* _ASSIGNED TASK_: Stop at the line containing "SOLD 🌹 h&m Coachella": repeat exactly every line of the entries below from the first up to it, plus that line, with pictures omitted.

Extracted records:
# # # #

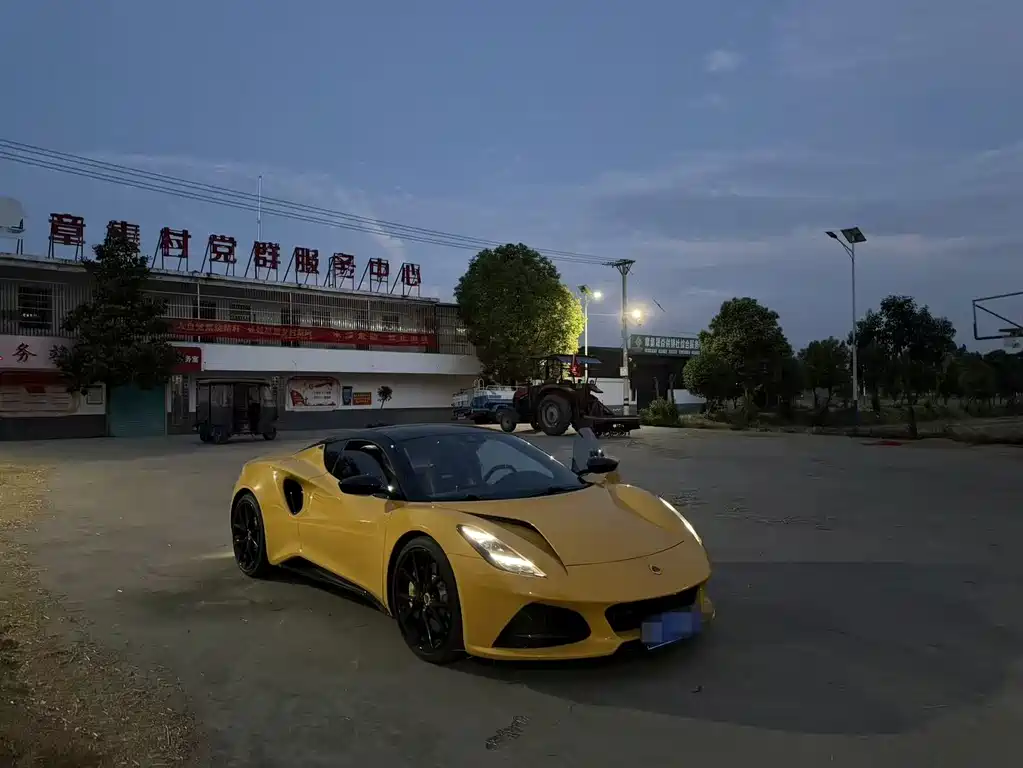 Lotus Emira 2023 2.0T AT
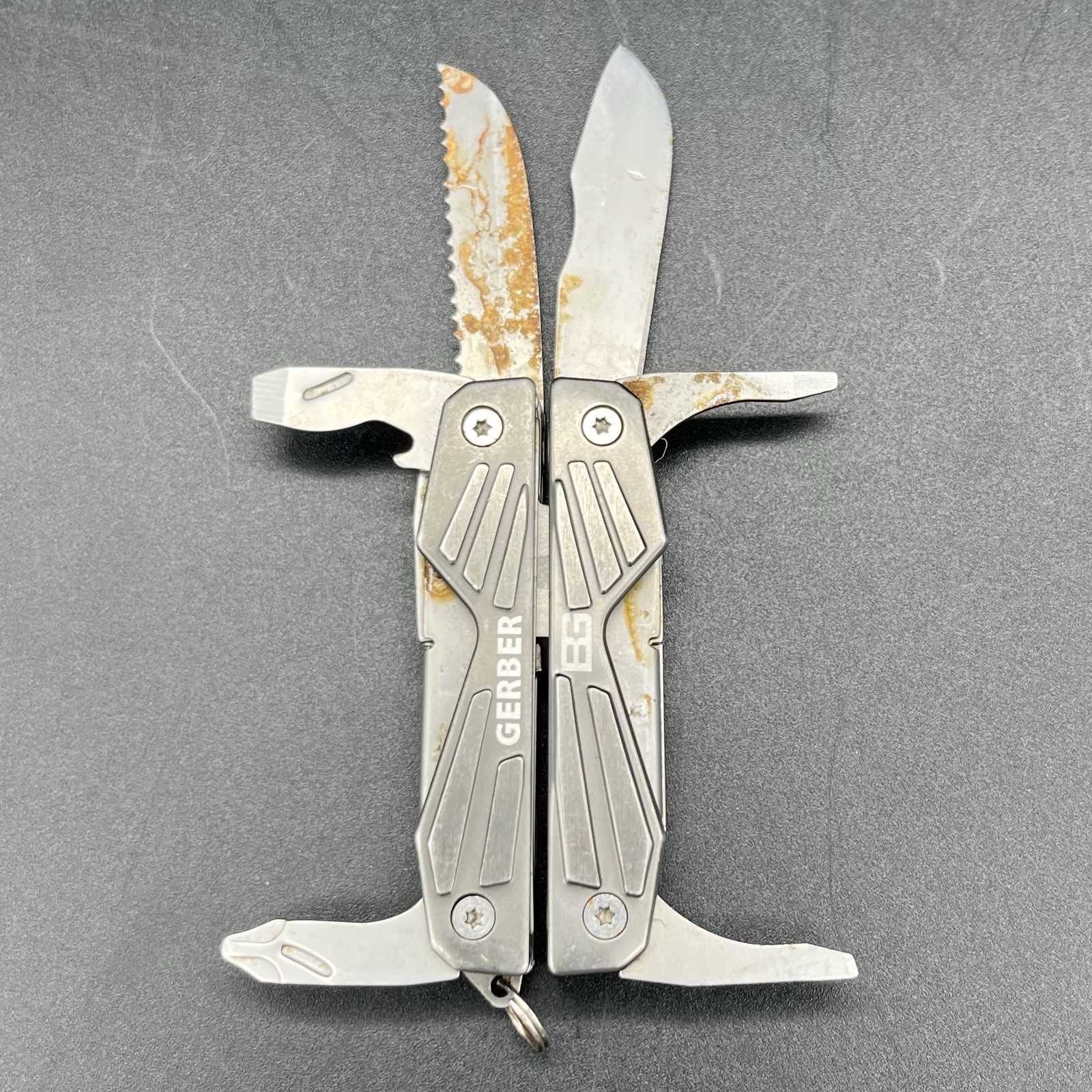 Gerber Bear Grylls Compact Multi-Tool Pliers Knife Tweezers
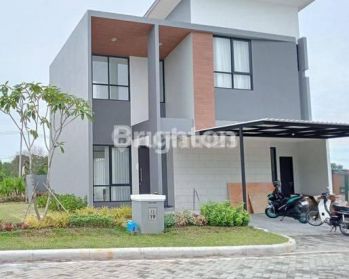 RUMAH DENGAN BANGUNAN BARU DI PERUMAHAN GRAND CITY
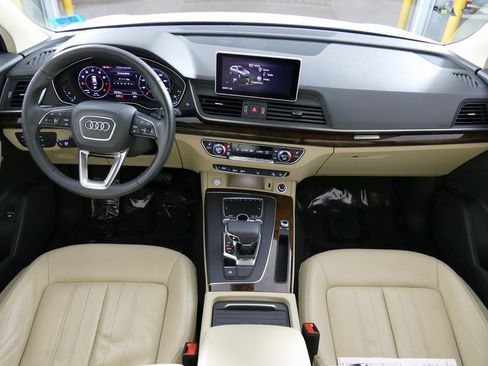 Used 2020 Audi Q5 2.0T Premium Plus image 25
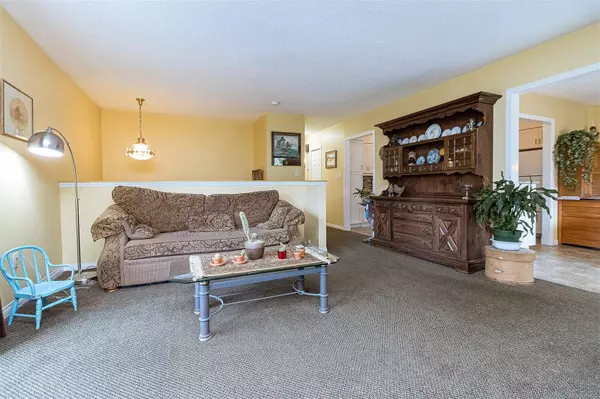 80 Marler Dr, View Royal, BC V9B 6B8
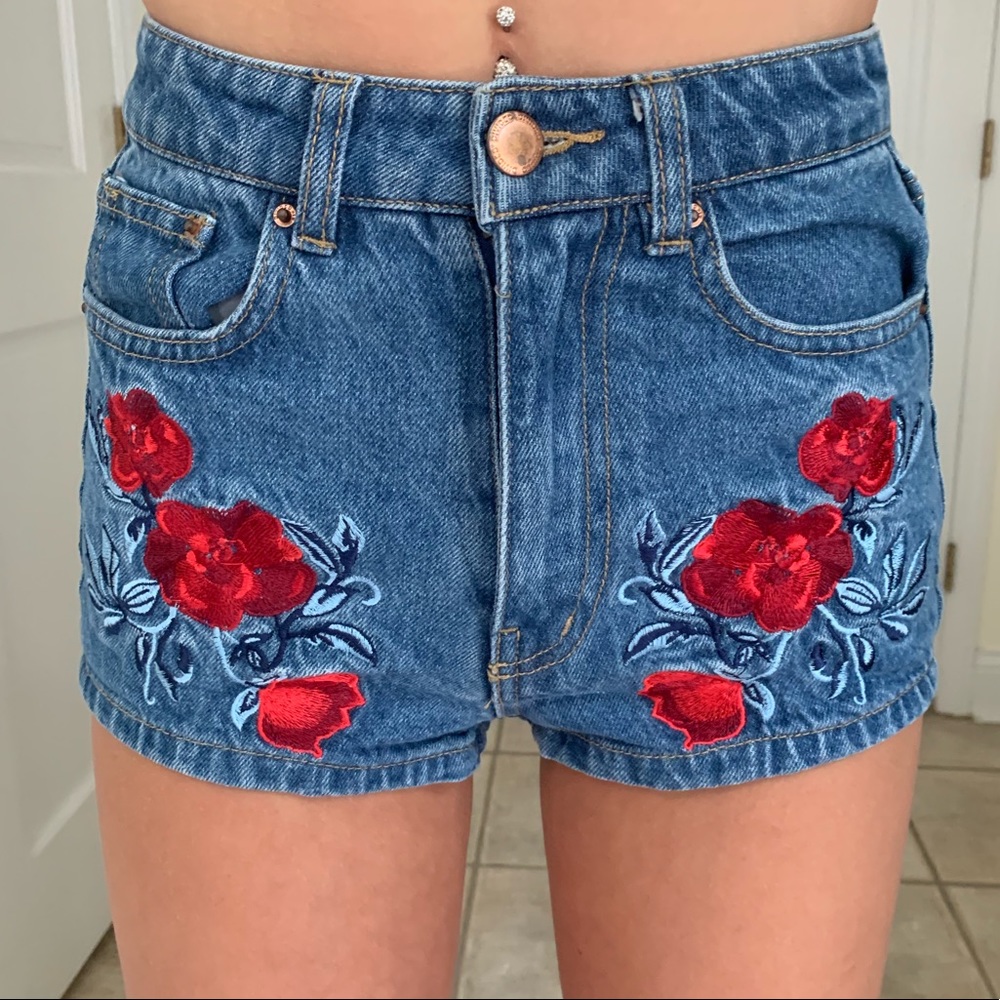 SOLD 🌹 h&m Coachella floral jean shorts - Picture 3 of 6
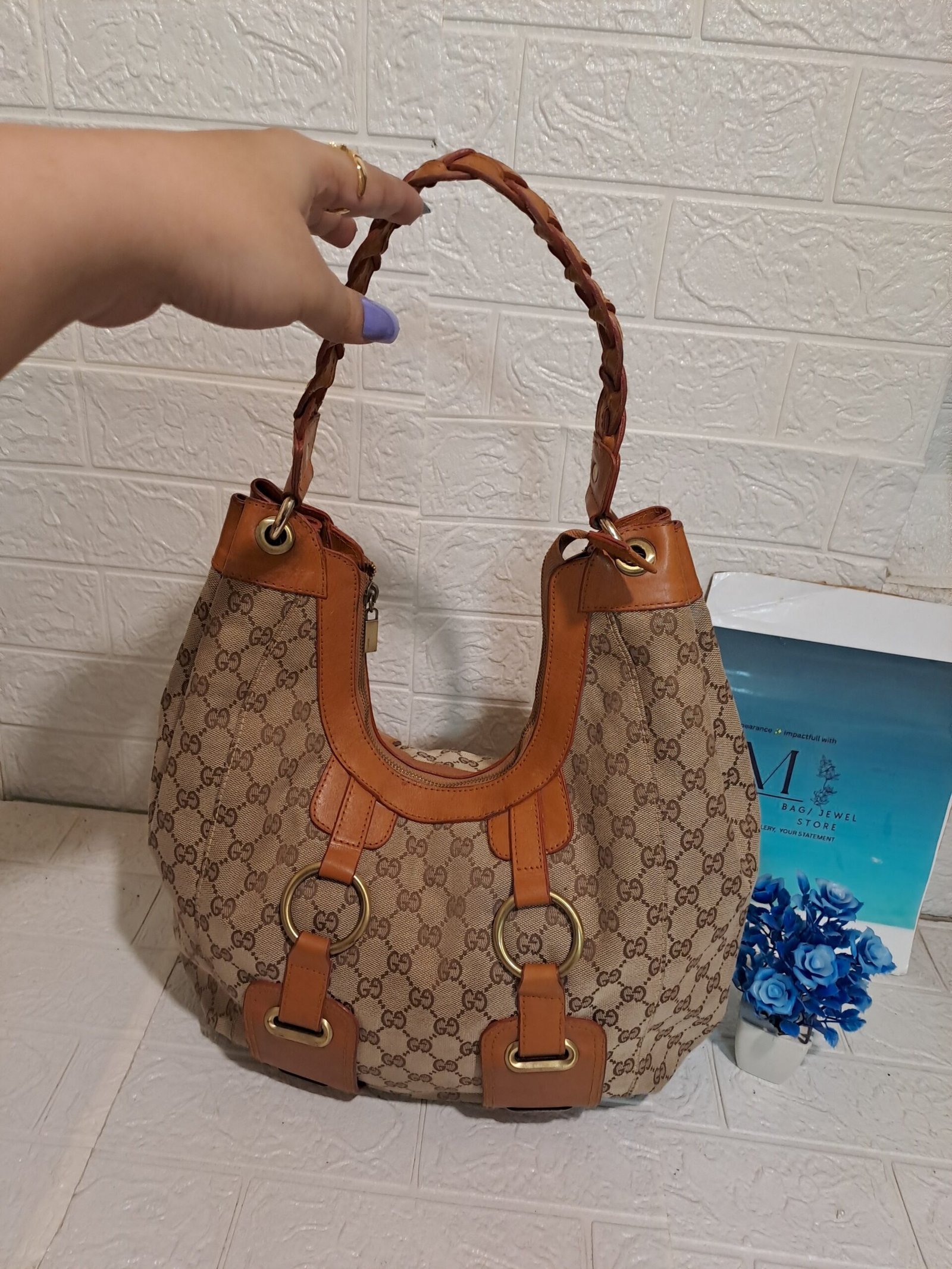 vintage Gucci Canvas Hobo Bag - Image 11
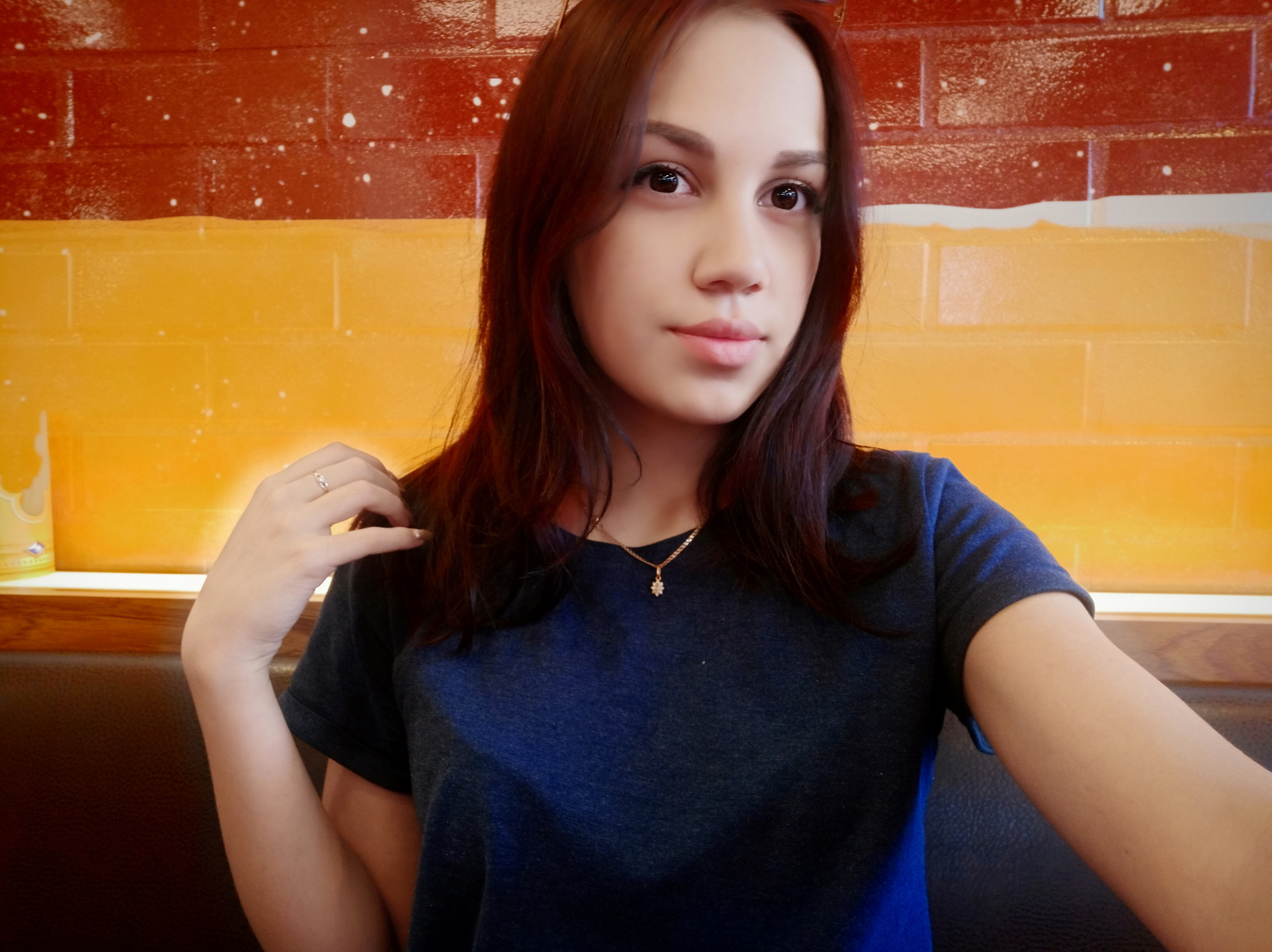 Селфи, снятое на Oppo F7.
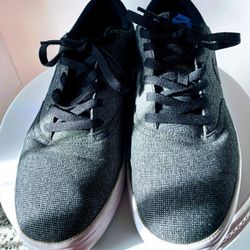 Men’s Nikes Check Solar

# # # #

* _PROBLEM SOLUTION_:
 Lotus Emira 2023 2.0T AT
 Gerber Bear Grylls Compact Multi-Tool Pliers Knife Tweezers
 RUMAH DENGAN BANGUNAN BARU DI PERUMAHAN GRAND CITY
 Used 2020 Audi Q5 2.0T Premium Plus image 25
 80 Marler Dr, View Royal, BC V9B 6B8
 SOLD 🌹 h&m Coachella floral jean shorts - Picture 3 of 6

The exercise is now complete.